= Symphony No. 46 (Haydn) =

Symphony by Joseph Haydn

Joseph Haydn

Joseph Haydn's Symphony No. 46 in B major, Hoboken I/46, was composed in 1772, during his Sturm und Drang period.

== Music ==
The work is scored for two oboes, bassoon, two horns and strings.

The work is written in standard four-movement form:

The key of B major, which is highly unusual in the Classical period, sets the tone of the work, which is one of unease, restlessness and searching.

The first movement starts with a four-note motif in unison, reminiscent of Symphony No. 44 (Trauer), but quasi-inverted. It is developed in various keys, with frequent modulations into the minor and to other remote keys. In a deliberate 'surprise', the movement seems to enter the recapitulation seconds after the development begins, before jumping back to a dramatic development passage. The recapitulation continues the development still further, moving into dissonance, before an abrupt ending.

The second movement is in B minor. It is a rhapsodic pastorale, rocking along over a running figure in the bass, with a syncopated figure in the muted violins maintaining the tension.

The minuet is more assertive in tone, but its confidence is undermined by a plaintive, almost solemn, trio, again in B minor. The trio is "tuneless", similar to the Trio of the minuet in Symphony No. 29, and Haydn may have intended for a solo instrument to improvise a theme over the accompaniment.

Many of Haydn’s symphonies contain more startling surprises than the one which has made his Surprise Symphony famous. The surprise here comes in the final movement. The opening is a typical energetic theme in the violins which is rapidly taken up and developed, with the horns prominent. The music rushes on only to break off suddenly, interrupted by the closing passage of the minuet, followed by the repeat of the whole of the second half of the minuet. The horns then burst in again with the main finale theme, but fade away and the music stutters almost to a halt. Then, on an underlying pedal on the horns, the strings take the movement and symphony to a rapid and abrupt close. Although it is not known if he was familiar with this symphony, Ludwig van Beethoven would later do the same thing in the finale of his Fifth Symphony, interrupting the work with a reprise of material from the preceding movement before returning to the current movement's theme.

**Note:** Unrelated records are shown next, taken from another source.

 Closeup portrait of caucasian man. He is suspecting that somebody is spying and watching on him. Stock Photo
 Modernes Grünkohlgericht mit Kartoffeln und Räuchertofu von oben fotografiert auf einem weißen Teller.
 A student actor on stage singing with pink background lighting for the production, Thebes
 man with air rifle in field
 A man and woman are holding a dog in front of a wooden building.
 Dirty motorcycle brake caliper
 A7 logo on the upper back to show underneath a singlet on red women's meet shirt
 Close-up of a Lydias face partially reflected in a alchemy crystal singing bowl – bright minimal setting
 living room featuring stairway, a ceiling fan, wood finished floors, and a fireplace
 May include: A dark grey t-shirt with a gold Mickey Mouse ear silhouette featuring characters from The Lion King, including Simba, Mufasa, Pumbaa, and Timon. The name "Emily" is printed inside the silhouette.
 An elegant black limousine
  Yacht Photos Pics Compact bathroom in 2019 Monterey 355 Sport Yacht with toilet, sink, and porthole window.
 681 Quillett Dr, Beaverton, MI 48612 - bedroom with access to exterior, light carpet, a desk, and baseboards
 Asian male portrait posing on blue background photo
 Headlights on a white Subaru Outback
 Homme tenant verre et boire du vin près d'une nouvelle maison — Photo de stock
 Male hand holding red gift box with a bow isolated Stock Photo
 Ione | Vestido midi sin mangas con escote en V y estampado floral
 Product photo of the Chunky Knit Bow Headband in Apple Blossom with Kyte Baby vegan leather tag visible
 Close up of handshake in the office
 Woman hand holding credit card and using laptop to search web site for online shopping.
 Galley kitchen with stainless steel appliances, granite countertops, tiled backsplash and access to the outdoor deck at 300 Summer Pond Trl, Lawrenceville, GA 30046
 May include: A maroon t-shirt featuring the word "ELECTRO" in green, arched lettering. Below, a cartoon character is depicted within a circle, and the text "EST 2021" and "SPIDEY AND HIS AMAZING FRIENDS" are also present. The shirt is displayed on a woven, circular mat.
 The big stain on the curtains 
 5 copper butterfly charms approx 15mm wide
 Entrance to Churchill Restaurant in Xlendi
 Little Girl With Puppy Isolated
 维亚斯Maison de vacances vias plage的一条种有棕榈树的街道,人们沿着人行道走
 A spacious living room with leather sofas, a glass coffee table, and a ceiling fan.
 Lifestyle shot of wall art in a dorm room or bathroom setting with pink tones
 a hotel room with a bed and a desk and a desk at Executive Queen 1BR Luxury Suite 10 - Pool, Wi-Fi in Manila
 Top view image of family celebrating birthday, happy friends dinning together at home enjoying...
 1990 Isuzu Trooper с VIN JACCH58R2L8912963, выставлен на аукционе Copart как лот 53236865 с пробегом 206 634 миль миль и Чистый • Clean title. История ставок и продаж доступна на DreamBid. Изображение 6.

Since all of the movements have the same tonic, the work is homotonal.

==Discography==

In Haydn's time, this symphony required the use of horns crooked in B natural. Except for period instrument performances, the horn players now use valve horns, and perform the transposition from horns in B♮ to horns in F or B♭ in their minds. In many recordings, the players read their parts as if for horns in B basso rather than B alto. It is unclear which octave the composer wanted, but strong evidence from within the score indicates basso.